Leavenworth city commissioners have reached a consensus to begin the process of repealing two ordinances they feel are no longer needed.

Commissioners took no formal action during Tuesday's study session. But they reached a consensus to start the process of repealing a charter ordinance that places a restriction on former commissioners serving in other government offices.

The three commissioners who attended Tuesday's meeting also agreed that an ordinance concerning the licensing of professional wrestling matches should be repealed.

City Manager Paul Kramer said a charter ordinance concerning commissioners holding other government offices dates back to 1969.

He said the City Commission at the time chartered out of a state law that prohibited commissioners from holding other government offices for a period of two years after leaving the commission.

Kramer said commissioners at the time passed their own charter ordinance limiting the prohibition against holding other offices to only a one-year period.

Kramer said the state law eventually was repealed, but the city's charter ordinance remains in place.

“We would just like to follow the state's lead,” he said.

Kramer said there have been past cases of sitting city commissioners running for other political offices. Had the commissioners been elected to the other offices, they would have been in violation of the city's charter ordinance.

But Kramer said the charter ordinance is unenforceable. He said the City Commission cannot prevent another elected body from allowing a former commissioner to take office.

Kramer said city officials reviewed the ordinance concerning professional wrestling matches after they recently were approached by a promoter wanting to schedule a mixed martial arts event in Leavenworth.

The city does not have an ordinance that specifically addresses mixed martial arts, so the event fell under a 1983 ordinance concerning licensing for professional wrestling matches.

Kramer said the ordinance no longer seems timely.
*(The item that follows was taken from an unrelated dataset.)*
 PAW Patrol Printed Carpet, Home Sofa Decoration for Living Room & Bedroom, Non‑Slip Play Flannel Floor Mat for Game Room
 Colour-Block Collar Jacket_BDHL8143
He said the Kansas Department of Commerce's Athletic Commission oversees boxing, kickboxing, mixed martial arts and wrestling events in Kansas.

Kramer said the state's boxing commissioner is unaware of any other city in Kansas that regulates these events.
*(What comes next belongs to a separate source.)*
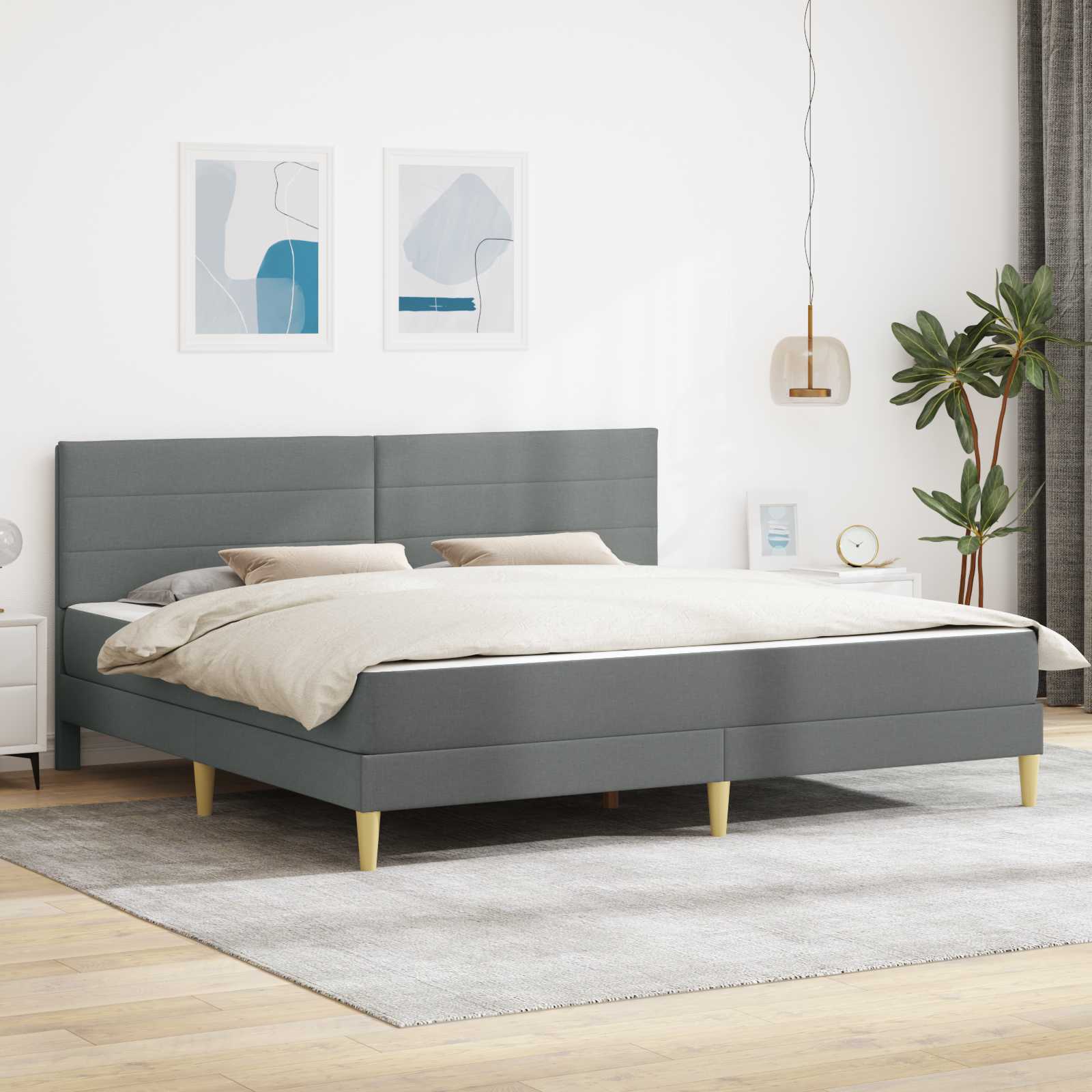 Cadre de lit Gris foncé 180 x 200 cm Polyester - XIOS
If the ordinance is repealed, the state would still govern such events in Leavenworth. Kramer said city staff would become involved if a request is made to rent a city facility, such as the Riverfront Community Center, for such an event.

Commissioner Nancy Bauder said repealing the ordinance made sense.

“I think that's the best way to go,” Commissioner Mike Griswold said.

Mayor Pro-Tem Jermaine Wilson said he agreed with the option of repealing the ordinance.

Kramer said the issue will come back to commissioners for formal action.